Non seulement les États mais tous les membres de la société, y compris le secteur du commerce privé, sont tenus d’assurer la réalisation du droit à une nourriture adéquate. Les États devraient, en coopération avec la société civile et le secteur privé, adopter une stratégie nationale afin d’assurer la sécurité alimentaire et de la nutrition pour tous, en fixant des objectifs pour y parvenir et en évaluant les progrès accomplis ainsi que les difficultés à remplir les obligations. Ils partagent la responsabilité de fournir une aide humanitaire et de secours lors des catastrophes naturelles et ce, tout en veillant à ne pas affecter les producteurs et les marchés locaux. L’objectif est de faciliter l’autosuffisance alimentaire des bénéficiaires.

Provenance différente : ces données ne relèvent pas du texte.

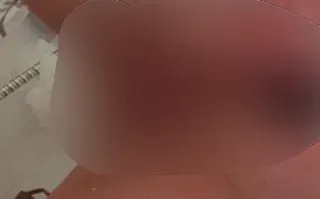 Feuchte fotze wird unter der Dusche mit der Haarbürste gefickt? - Flottemucki Anal Video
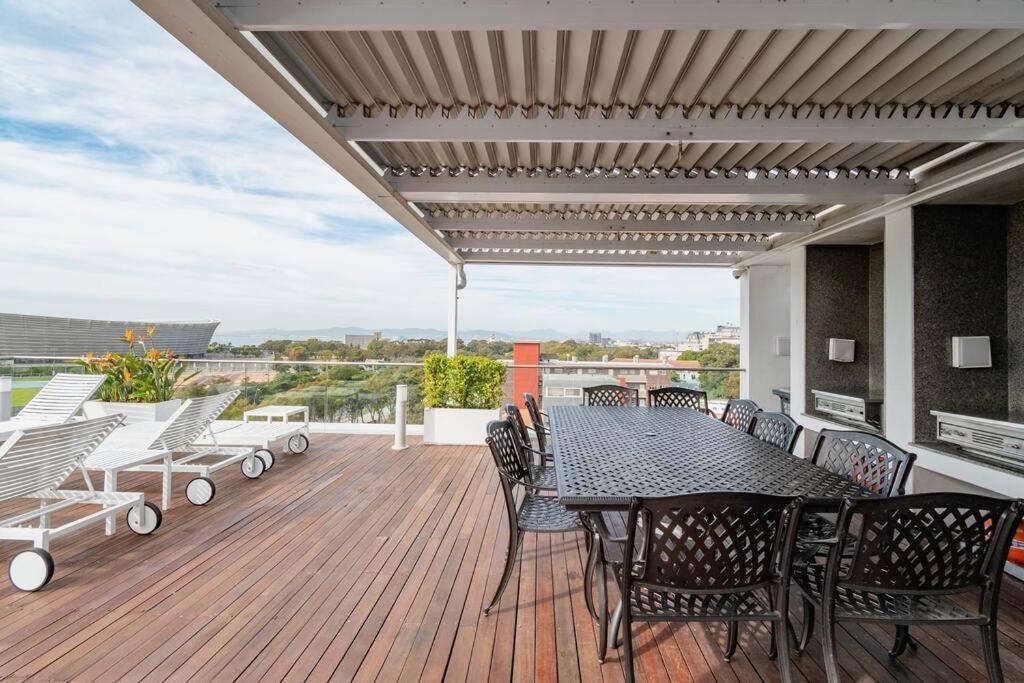 One Bedroom Seaside Elegance *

En vertu de la charte de l’ONU et des conventions internationales, les États devraient satisfaire à leurs engagements et entreprendre une action commune et une action individuelle visant à la réalisation du droit de chacun de vivre à l’abri de la faim. L’engagement éthique fondamental de la FAO en faveur de ce droit est énoncé dans la Constitution et les engagements qui ont suivi. Conjointement aux autres organisations d’aide alimentaire - le Programme mondial de l’alimentation et le Fonds international pour le développement agricole - la FAO a un rôle primordial à jouer dans la coordination de la coopération, avec le Programme des Nations Unies pour le développement, le Fonds de l’ONU pour l’enfance, la Banque mondiale et les banques de développement régionales. Il faut que l’ONU participe à promouvoir la réalisation du droit à une nourriture adéquate, particulièrement par le biais de l’aide au développement de l’ONU au niveau des pays.

Sous l’égide de la Sous-commission sur la promotion et la protection des droits de l’homme, un forum social débutera en 2002 pour suivre les situations de pauvreté et d’indigence à travers le monde qui constituent une violation des droits de l’homme. Il proposera des normes et des initiatives de nature juridique, des directives et des recommandations qui seront soumises à l’examen d’autres organes pertinents de l’ONU et suivront les accords obtenus lors des grandes conférences mondiales et du Sommet du millénaire. Le thème principal de la première session, qui aura lieu en 2002, sera les relations entre la réduction de la pauvreté et la réalisation du droit à une nourriture adéquate.

Asbjørn Eide est Président du groupe d’experts éminents sur l’éthique alimentaire et agricole de la FAO et membre de la Sous-commission de la promotion et de la protection des droits de l’homme. Il est associé principal et ancien Directeur de l’Institut norvégien des droits de l’homme à l’université d’Oslo (Norvège).